His creative time at the moment seems to be spent in two main camps: His music and his wine. The wine has been taking up more and more of his time – working the land, and concentrating on other endeavours like organic farming.

“When you see loved ones depart early, who struggle to even exist at all, you tend to respect the time you have. I think – and most people wouldn’t agree with me – I feel like the music part is more about my legacy. The winery part is about our region’s legacy: I can contribute to that, and I feel like I am part of a much bigger movement and I can nudge that forward. And we may or may not be remembered for our role in it, but it will be handed down to another whole new generation of people who will make hundreds – if not thousands – of families put food on their table, for generations, if we do it right. So it ends up being about us.

“Music, writing a book or doing a painting tends to be about you, and the unfortunate part about that is when you pass away, that’s the end of those things – there’s not going to be any more coming after that. So that sucks! But so having your feet in both worlds, I guess that is respecting that temporary nature.”

With that in mind, it’s somehow fitting that a track on Eat the Elephant was born out of the beginnings of a collaboration between the late Chester Bennington and Billy Howerdel, for Howerdel’s other band, Ashes Divide.

“Chester had reached out and said, ‘What do you think about collaborating on a song?’” Howerdel tells me. “It’s much different in form to where it started: possibly unrecognisable… but the notes are the same. Keenan really liked it and wrote to it. It took on a new shape, almost like a completely new song. I have this strange disjointed attachment to it in that way.”

The song is gentle and swelling and majestic. It opens the record.

A Perfect Circle back in 2000: Troy Van Leeuwen, Paz Lenchantin, Billy Howerdel, Josh Freese, Maynard James Keenan

I ask both Howerdel and Keenan how they are feeling about their new music being released.  They seem content, and excited. But ultimately, they’re both looking firmly into the future.

“I am looking forward to having more wine with Sam [Neill]. He’s a fantastic gentleman,” says Keenan. “So yeah, that is really what it is. We have done the work. Now we will go and play some songs around the world, but it is more about celebrating and reconnecting with people, like Sam. I think those sorts of things are important. Else why are you doing it?”

For Howerdel, this record has been cause for reflection on the project he started nearly two decades ago. “I thought at the very start, in 1998, honestly I was just trying to write the best record possible. I knew just having Keenan in the band meant that we could at least be able to get some club shows under our belt. But it just seemed to take off. I’m lucky to make a living at it, and people still want to listen. It’s a very nice thing.”
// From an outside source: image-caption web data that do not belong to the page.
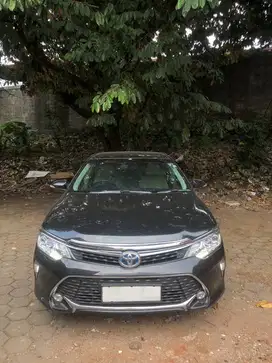 TOYOTA CAMRY (2017) 2.5 Hybrid-AT [BANDUNG]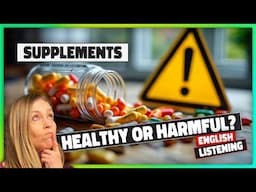 Learn English While Exploring Superfoods! 💚 Ep 792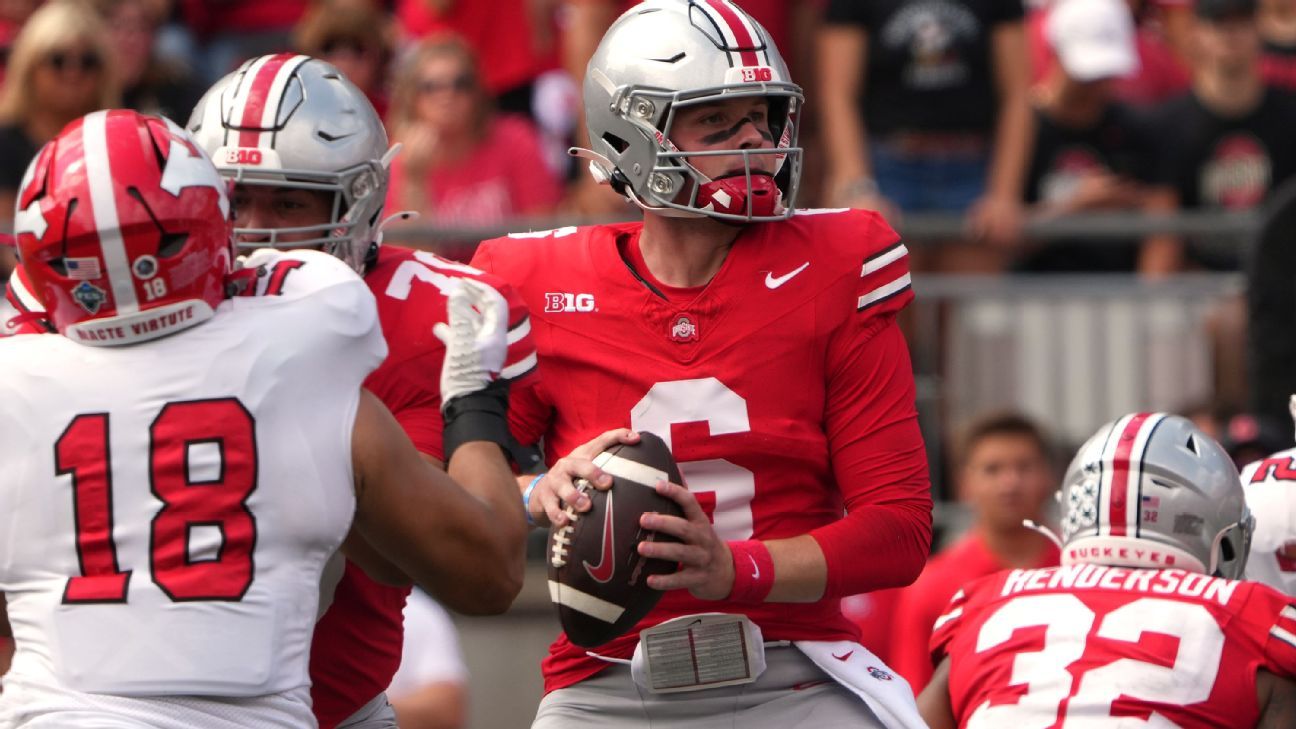 ESPN FPI gives Ohio State better Big Ten title odds than Michigan Football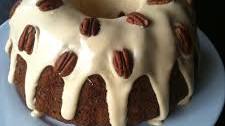 Never Fail Applesauce Spice Cake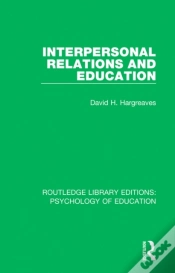 Capa do artigo Interpersonal Relations And Education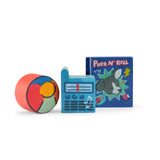 Puce & Pilou - Multi-Activity Car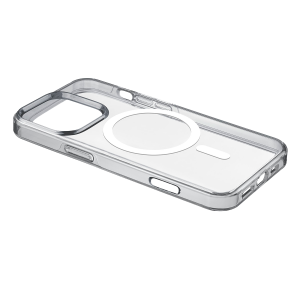 Διάφανη Θήκη CELLULAR LINE Gloss με MagSafe για iPhone 16 Pro Max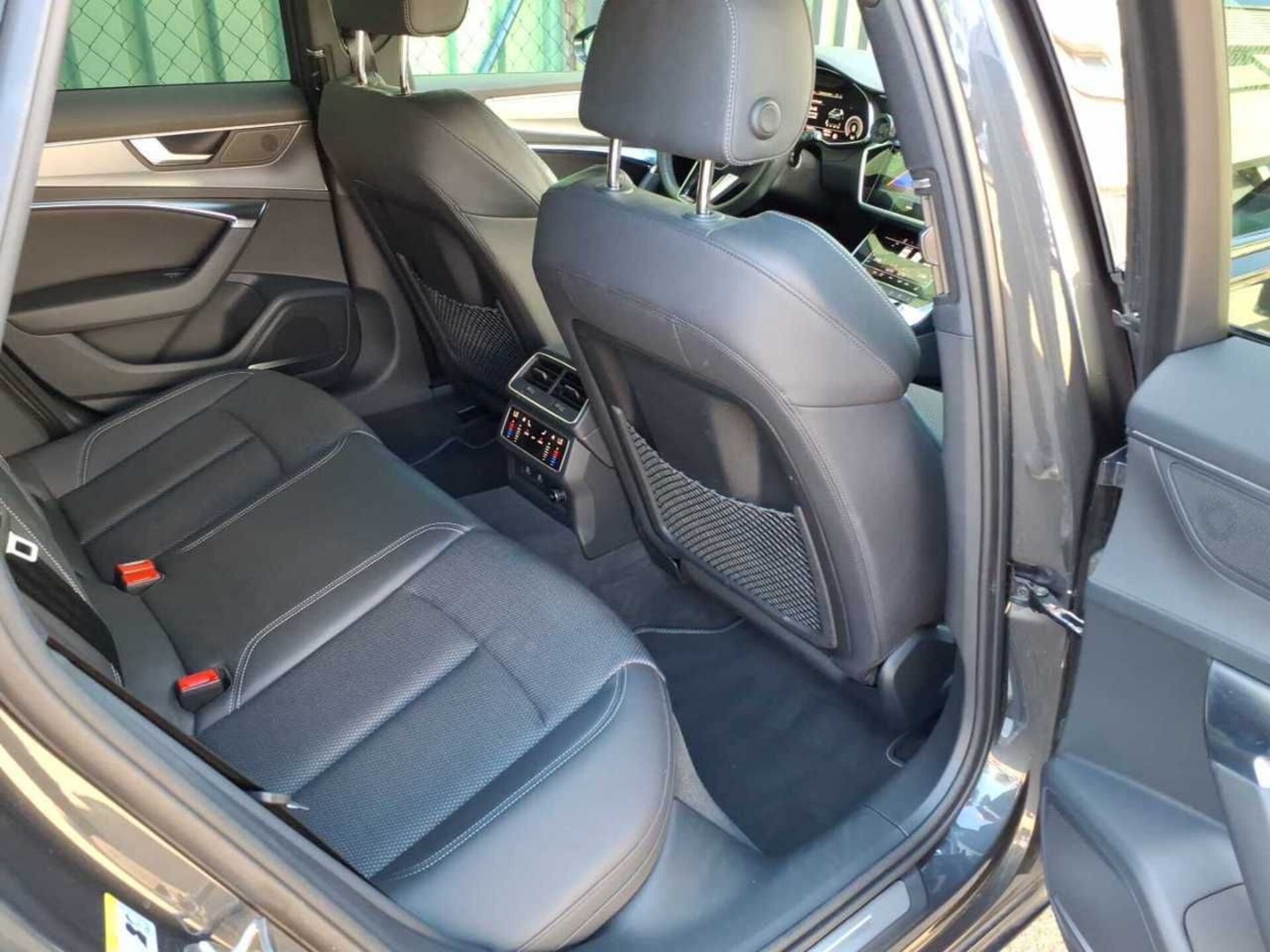 Audi A6 Avant Sport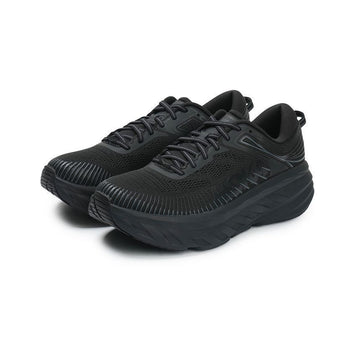 HOKA ONE ONE Bondi 7 Herren Sneakers Schwarz 154316429 [P]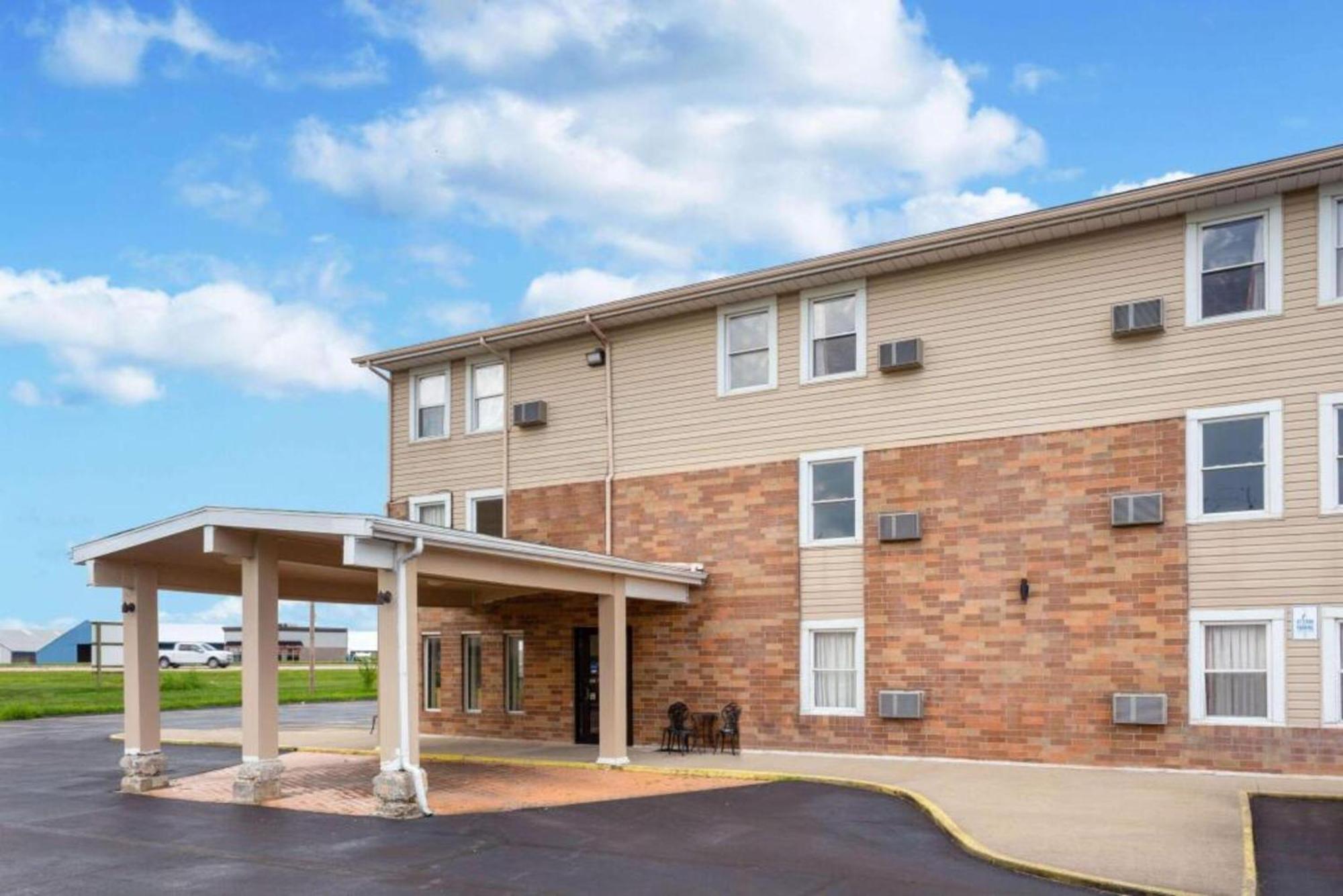 Motel 6 Litchfield, Il Dış mekan fotoğraf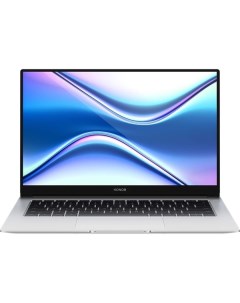 Ноутбук HONOR MagicBook X14 i5 8 512 Silver NBR WAH9 MagicBook X14 i5 8 512 Silver NBR WAH9 Honor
A Perfect Circle are releasing Eat the Elephant in America on April 20, bang in the middle of the two Coachella weekends they’re playing.

I tell Keenan, who has played Coachella with all three of his bands in the past, that I’ve only attended once, as a punter. “It was a bit of a shitfight,” I tell him.

“I can’t say what you just said,” he replies, laughing, “because I am playing, but when I have friends that are like 25 or 30 and they say, ‘Hey, let’s go camping!’ I just go ‘I wanna fucking murder all of you.’ Camping! Fuck camping!

“Like if I go camping, I go stay with friends in a cabin somewhere. I don’t know about a tent, ‘cause I used to do that in the army, I already did that – it wasn’t really called camping, it was bivouacs and you were on manoeuvres, right?”

“I live in a population of 500 town, so the idea of being in the middle of a field with 15 or 25-thousand drunk people at a show… yeah, uh, no. Good thing I get to be backstage because the grumpy dude wouldn’t be having it.”

Despite my slight trepidation after my conversation with Monica, I feel I didn’t get “the grumpy dude” today. Both Keenan and Howerdel were in fine form. I think maybe it’s because they’ve made a fine record. The work has been done. Now they get to celebrate.